Interestingly, we observed a higher number of integration breakpoints in HCC patients with detectable HBV DNA than in those with undetectable HBV DNA (Fig. 1C). The linear correlation between HBV breakpoints and HBV viremia status or OBI levels remains to be further confirmed. It would also be interesting to investigate the ‘direct’ transforming effects of HBV integration in the absence of cirrhosis, as previously described [4,13]. The study subjects were all male. Besides HBV effects, gender or environmental/behavioral effects cannot be excluded in such patients. Since this study had only small sample sizes, it was not feasible to provide a detailed evaluation of such open questions. Nevertheless, our observation of HBV integrations enriched in cancer-related pathways, HBV PreS/S or X integrants, as well as cirrhotic patients with viremia, indicates that the direct and indirect pathways are not mutually exclusive but both may induce hepatocarcinogenesis in these settings.

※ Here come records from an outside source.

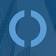 Vision Search Partners LLC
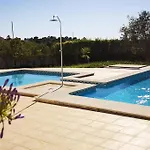 Zambujal Sun Sesimbra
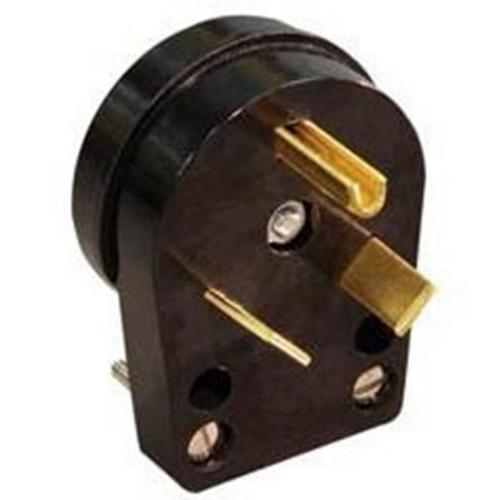 Midwest® C33 Straight Blade Plugs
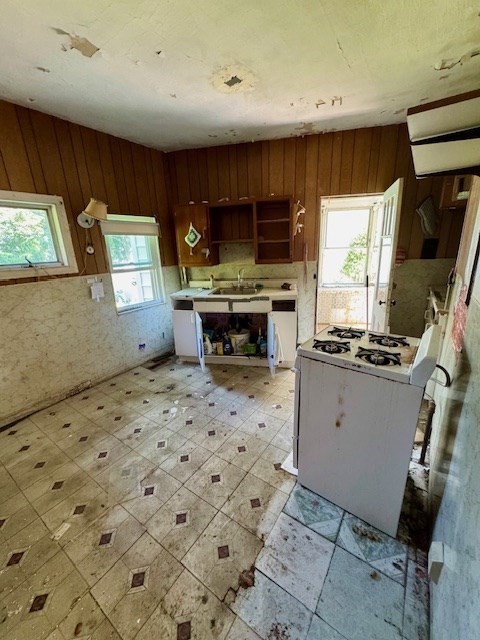 73 Scotch Pond Pl, Quincy, MA 02169 - Image 5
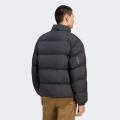 Мужская куртка Adidas Terrex CLIMAWARM Multi Essentials - KZ3367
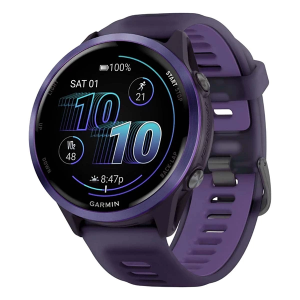 Garmin Forerunner(R) 570 watches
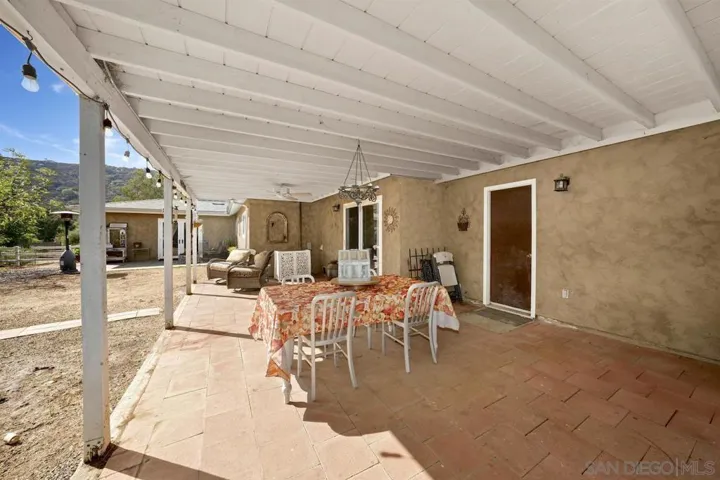 6038 Dehesa Rd, El Cajon, California 92019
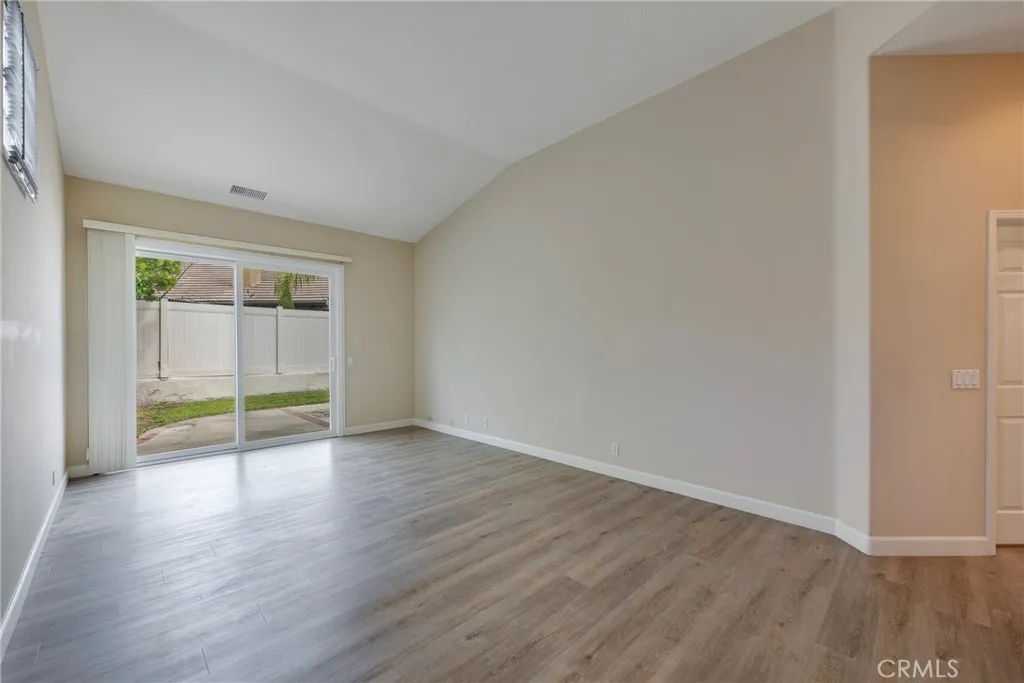 Additional image 55 of 3537 E Barrington Drive, Orange, CA 92869
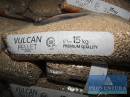 Pellets VULCAN PELLET premiun quality DIN plus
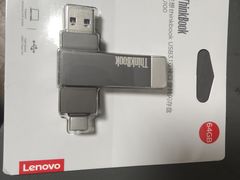 -Apple Store苹果手机电脑售后维修中心(浦东店)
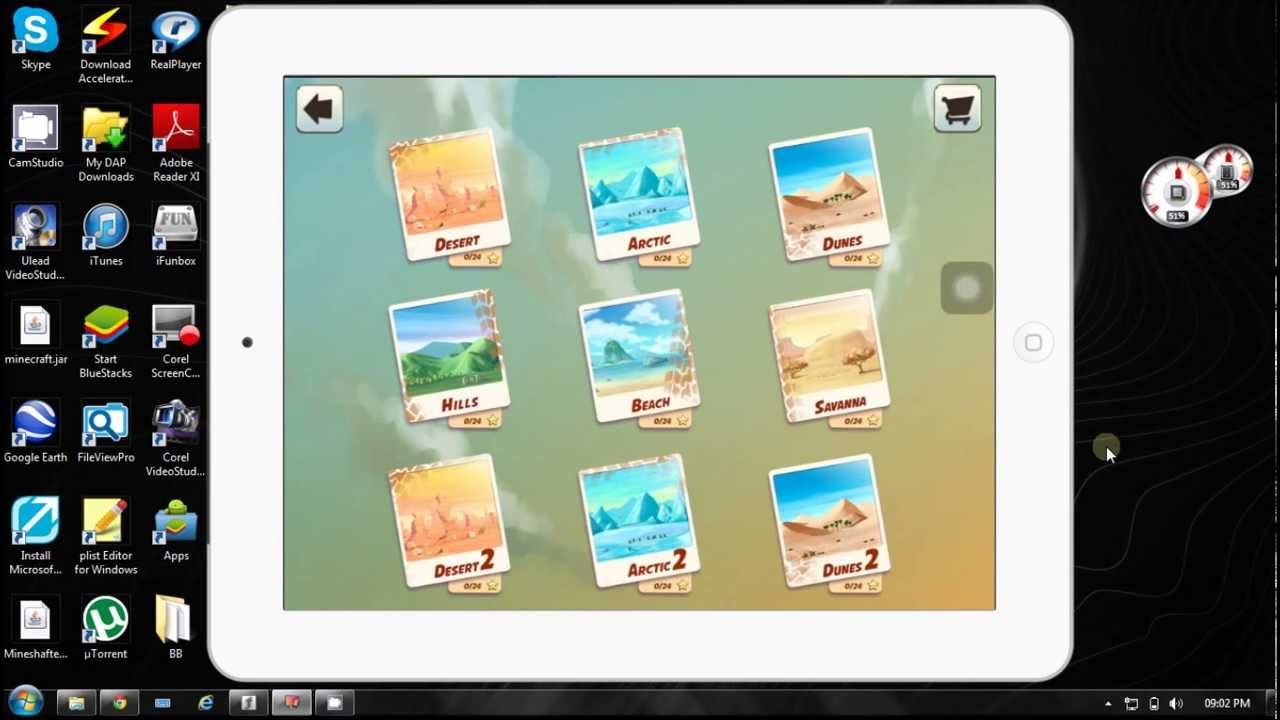 Bike Race Pro Hack No jailbreak (works 100%) (LEGIT)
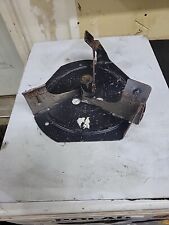 Husqvarna oem 531167901 for sale  Cambridge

In conclusion, our study clearly demonstrated the persistence of intrahepatic HBV DNA integration in HCC developing after HBsAg seroclearance. Using the Korean genotype-specific probe capture assay followed by NGS technology, we identified more frequent genic integrations in HCC with preferential sites toward cancer-associated genes, such as the TERT promoter, as well as subgenomic HBV fragments of regulatory elements, such as the PreS/S and X genes. These findings suggest that the biological functions of HBV integration would be absolutely comparable between HBsAg-positive and HBsAg-serocleared HCC and pro-oncogenic effects of HBV integration may continue and ultimately lead to HCC in a subset of patients achieving HBsAg seroclearance. Thus, ongoing HCC surveillance and clinical management should be continued even after HBsAg seroclearance.